А Поль Валери в то время, о котором я говорю, считал, что эпоха благоприятствует искусству: «Порядок неизменно тяготит человека. Беспорядок заставляет его мечтать о полиции или о смерти. Это два полюса,

на которых человеку равно неуютно. Он ищет эпоху, где он чувствовал бы себя наиболее свободным и наиболее защищенным. Между порядком и беспорядком существует очаровательный час; все то хорошее, что вытекает из организации прав и обязанностей, достигнуто. Можно наслаждаться первыми послаблениями системы». Это правильно: плоды созревают в конце лета, их тщетно искать зимой или ранней весной. Но Поль Валери ошибался в календаре — «очаровательный час» был позади — в конце XIX, в начале XX века. Золотой сентябрь во Франции успел смениться ноябрьскими туманами. Поль Валери дожил до второй мировой войны и увидел, что можно оказаться и без свободы и без порядка. А был он создан для долгого солнечного дня, для легкого треска цикад, для гармонии.

Меня представили Андре Жиду. Он меня озадачил: он походил на ибсеновского пастора, может быть на старого китайского хирурга. Незадолго перед этим я прочитал его книги о поездке в Африку, где он возмущался колониализмом. Теперь это азбучные истины, а тогда я восхитился его смелостью. Я заговорил об Африке. Он почему-то перевел разговор на отвлеченную тему, объяснял, что красота связана с этическими принципами. Рядом сидел предмет его любви — молодой спортсмен, кажется немец или голландец, с туповатым лицом, в коротких штанишках.

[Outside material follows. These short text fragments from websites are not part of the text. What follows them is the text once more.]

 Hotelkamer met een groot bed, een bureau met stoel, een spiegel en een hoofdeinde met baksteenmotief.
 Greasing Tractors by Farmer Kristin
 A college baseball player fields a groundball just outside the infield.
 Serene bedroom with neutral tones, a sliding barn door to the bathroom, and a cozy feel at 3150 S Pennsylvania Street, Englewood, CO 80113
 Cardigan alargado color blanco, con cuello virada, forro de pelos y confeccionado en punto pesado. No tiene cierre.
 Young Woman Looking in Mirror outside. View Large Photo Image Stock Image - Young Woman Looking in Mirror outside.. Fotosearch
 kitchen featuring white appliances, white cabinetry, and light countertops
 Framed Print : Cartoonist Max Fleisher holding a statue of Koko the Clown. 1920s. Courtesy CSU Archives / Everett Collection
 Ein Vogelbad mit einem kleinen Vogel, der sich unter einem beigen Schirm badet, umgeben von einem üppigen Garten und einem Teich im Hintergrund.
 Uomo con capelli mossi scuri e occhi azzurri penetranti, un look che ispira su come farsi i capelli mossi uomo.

Во Франции выходило много развлекательных, легковесных книг. Моруа ввел новый жанр — романизированные биографии знаменитых людей. Литераторы начали изготовлять такие книги на конвейере, они сплетничали о любовных похождениях восьмидесятилетнего Гюго, рассказывали, что Вольтер спекулировал сахаром, а у Сент-Бёва была деспотическая мамаша.

Франсуа Мориак, к которому в 1913 году меня направил Франсис Жамм, писал хорошие романы о нехорошей жизни. Он католик, но в его книгах куда больше жестокой правды, чем христианского сострадания. Жена, изменив нелюбимому мужу, попыталась его отравить; он выжил и, боясь огласки, замуровал свою супругу в самодельную тюрьму, где ей предстоит сойти с ума. Многочисленная семья ждет, когда же отдаст богу душу богач адвокат, а он, старый, больной, живет наперекор всему, его вдохновляет желание лишить своих наследников наследства. Разбирая роман Мориака, критик Эдмон Жалу писал: «Наследство и завещания — самые основные и самые традиционные черты французской жизни».

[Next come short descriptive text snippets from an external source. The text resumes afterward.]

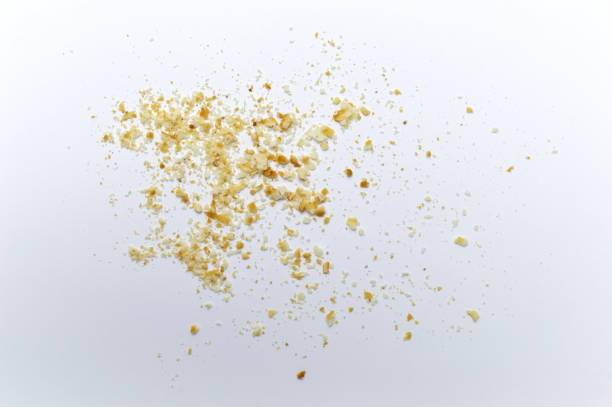 istock Scattered crumbs of cookies on white background. 1220498540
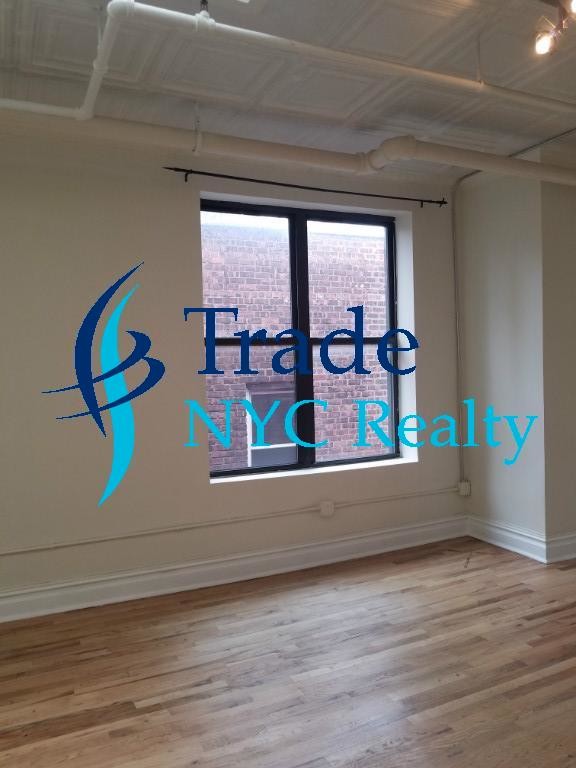 Foto del edificio - 115 W 23rd St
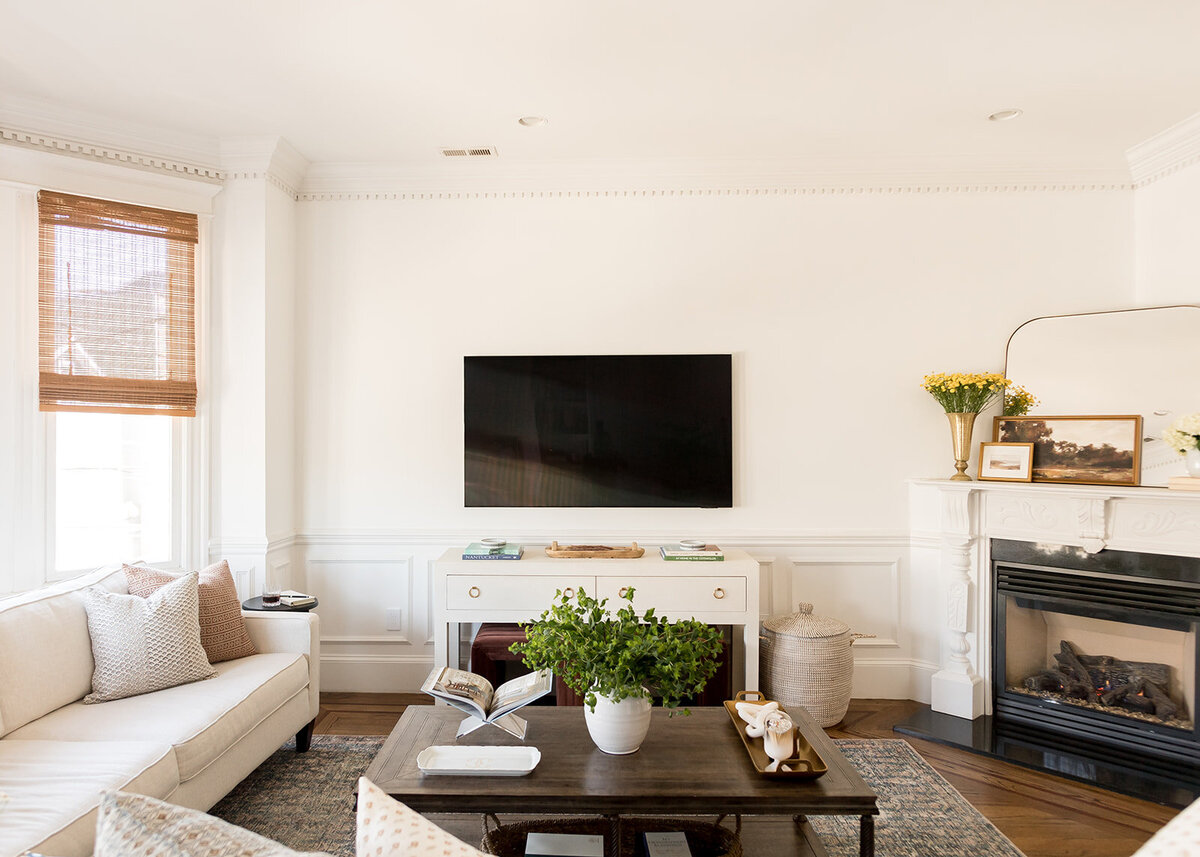 melinda chesson interiors boston living room with yellow flowers on fireplace mantle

Я часто думал, что старый мир, с его мастерством, с библиотеками и музеями, как герои Мориака, живет одним: не хочет ничего оставить своим наследникам. А прочитав статью в «Литгазете» или встретившись с рапповцами, я говорил себе, что есть люди, которые не хотят наследства, беспризорные, облеченные властью цензоров и прокуроров.

Дюамель и Дюртен, побывав в Москве, написали о своей поездке книги умные, миролюбивые, даже, как теперь говорят, «прогрессивные». Я бывал иногда у Дюртека; он говорил о нашей стране приветливо, чуть снисходительно, пытаясь оправдать все, что ему не понравилось, не только особенностями русской истории, но и загадочностью «славянской души». В Париж приехала из Ленинграда О. Д. Форш. Как-то мы обедали втроем: Ольга Дмитриевна, Дюамель, я. Дюамель дружески нам объяснял, что в итоге все образуется. Советская Россия, остепенившись, станет полуевропейским государством; следует только переводить побольше французских книг. Почему-то он вспомнил «версты» в старых русских романах и сказал, что Французская революция дала миру метрическую систему, хорошо, что теперь и русские ее приняли… Когда Дюамель ушел, мы рассмеялись. Нам нравились его книги, а рассмешила наивность: видимо, он убежден, что своим сантиметром сможет измерить наши дороги…

В редакции журнала «Монд» я встречал Барбюса. Он написал тогда книгу о Христе. На него накинулись друзья: «идеализм», «мистика». А для правых он оставался неисправимым коммунистом. Он часто болел, говорил порывисто, глухо, тонкими руками аристократа что-то рисовал в воздухе.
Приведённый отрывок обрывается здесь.